Your objective
The copy should hold exactly the lines below from the one that contains "Welcome back. In" through the one that contains "Management practices —" and nothing else, so no pictures.

Data provided START

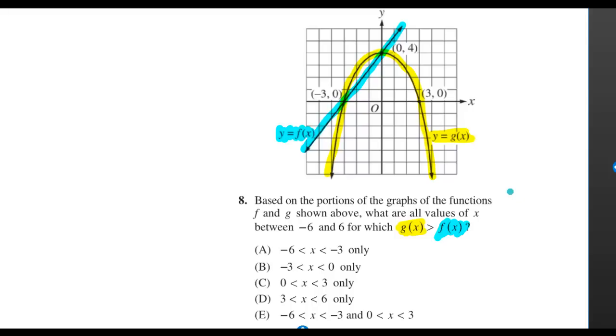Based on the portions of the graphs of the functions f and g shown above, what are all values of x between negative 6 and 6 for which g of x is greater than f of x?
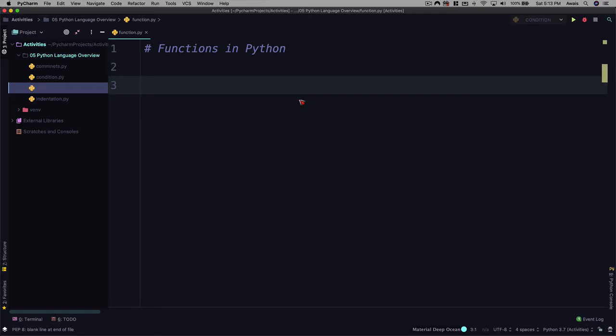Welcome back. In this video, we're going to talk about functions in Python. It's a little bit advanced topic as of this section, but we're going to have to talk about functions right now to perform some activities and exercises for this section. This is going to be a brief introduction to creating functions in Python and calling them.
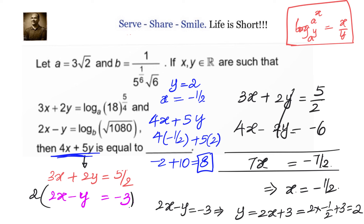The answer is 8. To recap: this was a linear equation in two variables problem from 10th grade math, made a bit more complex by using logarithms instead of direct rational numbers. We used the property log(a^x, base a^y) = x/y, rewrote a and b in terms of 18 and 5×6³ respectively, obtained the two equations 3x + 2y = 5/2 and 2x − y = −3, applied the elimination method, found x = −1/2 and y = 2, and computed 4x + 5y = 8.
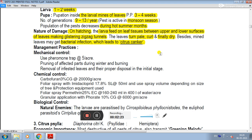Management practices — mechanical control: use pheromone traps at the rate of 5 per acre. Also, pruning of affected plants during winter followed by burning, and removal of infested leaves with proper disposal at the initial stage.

Data provided END
Data provided START

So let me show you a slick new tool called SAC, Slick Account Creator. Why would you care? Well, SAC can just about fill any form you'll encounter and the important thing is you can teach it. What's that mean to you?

Data provided END
Data provided START

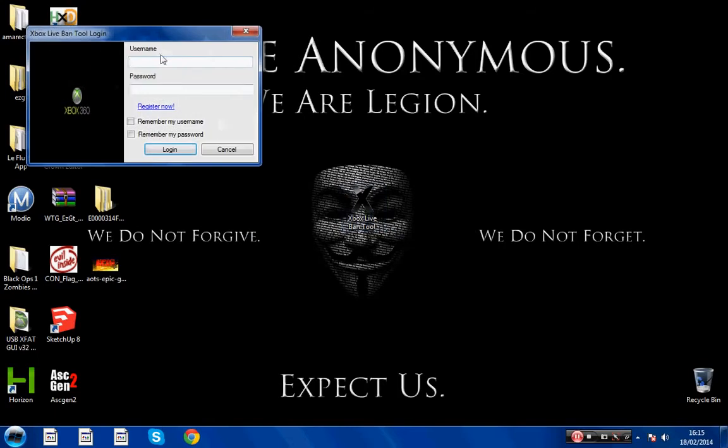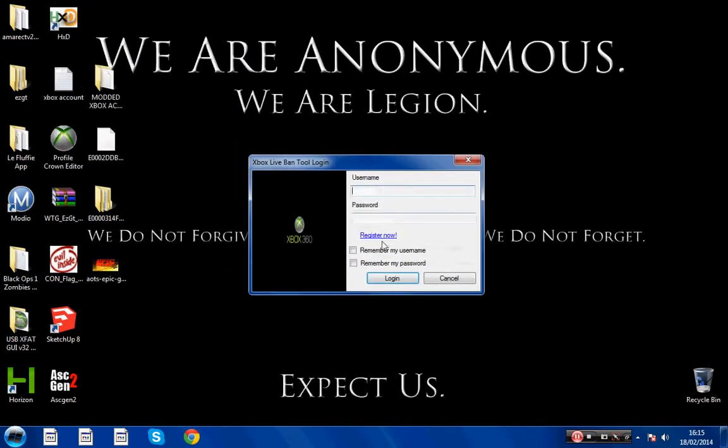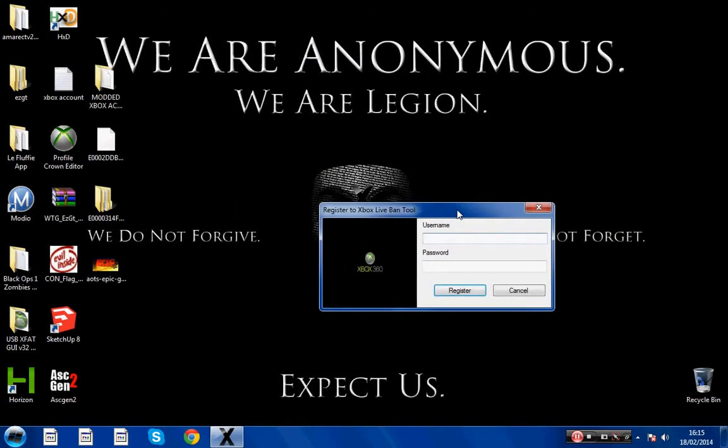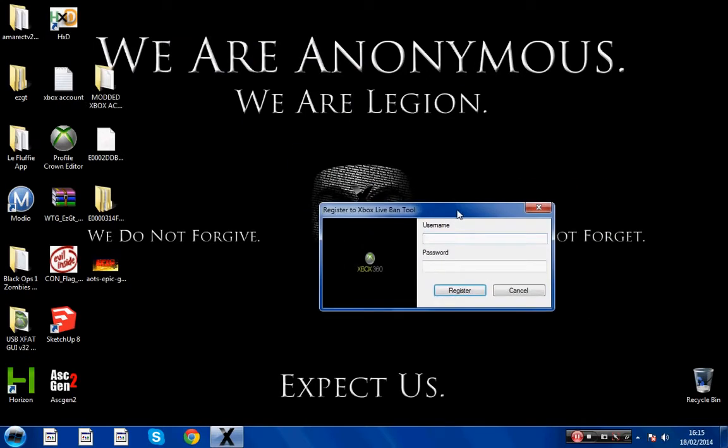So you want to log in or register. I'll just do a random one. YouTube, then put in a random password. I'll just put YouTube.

Data provided END

Finished task
Welcome back. In this video, we're going to talk about functions in Python. It's a little bit advanced topic as of this section, but we're going to have to talk about functions right now to perform some activities and exercises for this section. This is going to be a brief introduction to creating functions in Python and calling them.
The answer is 8. To recap: this was a linear equation in two variables problem from 10th grade math, made a bit more complex by using logarithms instead of direct rational numbers. We used the property log(a^x, base a^y) = x/y, rewrote a and b in terms of 18 and 5×6³ respectively, obtained the two equations 3x + 2y = 5/2 and 2x − y = −3, applied the elimination method, found x = −1/2 and y = 2, and computed 4x + 5y = 8.
Management practices — mechanical control: use pheromone traps at the rate of 5 per acre. Also, pruning of affected plants during winter followed by burning, and removal of infested leaves with proper disposal at the initial stage.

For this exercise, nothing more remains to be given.